With the 12 Chennai International Film Festival around the corner, film buffs are all set to escape into a week-long stupor of cinematic bliss.
The foundation for this legacy was laid far back in 1952, when the city hosted a leg of the first international film festival in India. It was conceptualised as a six-week mobile film fair and organised by the Films Division of the Government of India.
The festival, opening in Bombay, would travel to Madras, Delhi and Calcutta, spending one week in each of the cities. Patrons were promised as many as 40 features and 100 documentaries from 23 countries. This was a first, not merely for the country but for the entire Asian subcontinent, at the time.
In Madras, films were screened in theatres like New Elphinstone, Sagar, Select, Minerva, and Crown between February 7 and 14. However the primary attraction was the open-air theatre constructed at the Congress Grounds in Teynampet by the Cine Technicians Association of South India (CTA)
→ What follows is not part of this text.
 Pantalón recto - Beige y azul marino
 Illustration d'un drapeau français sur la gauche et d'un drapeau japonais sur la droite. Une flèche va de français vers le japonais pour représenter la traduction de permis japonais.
Ninety-year-old N. Krishnaswamy, who was then the secretary of the association, says, “The secret of success was the giant 50X30 feet screen we erected instead of the regular 20-feet-high one. A road was laid for vehicles to navigate freely inside the forested area. A palatial structure designed by art director T. Janaki Ram was built to house the projector at the behest of S.S. Vasan. People had never watched a movie on this scale before.”
Producers and directors visiting from various countries were hugely impressed. Mr. Krishnaswamy recalls how representatives of Paramount Pictures, showcasing their film ‘The Greatest Show on Earth’, immediately changed their venue from New Elphinstone theatre after visiting the open-air theatre in Teynampet. American film director Frank Capra even took Mr. Krishnaswamy and his team to Delhi, to replicate the theatre at the Feroze Shah Kotla stadium.
At the Congress grounds, the CTA also organised an ‘exhibit shooting’ on two evenings. Essentially a staged demonstration of a film shooting, the scripts in Tamil and Telugu were developed quickly so that it could be relayed on subsequent days. Popular Tamil actor T.R. Ramachandran and iconic director S. Balachander played the clapper boy and director, respectively, in these performances.
Reports in The Hindu testified to films running to packed houses. Writer R.K. Narayan also confessed to being amazed at the winding queues outside ticket windows for foreign films.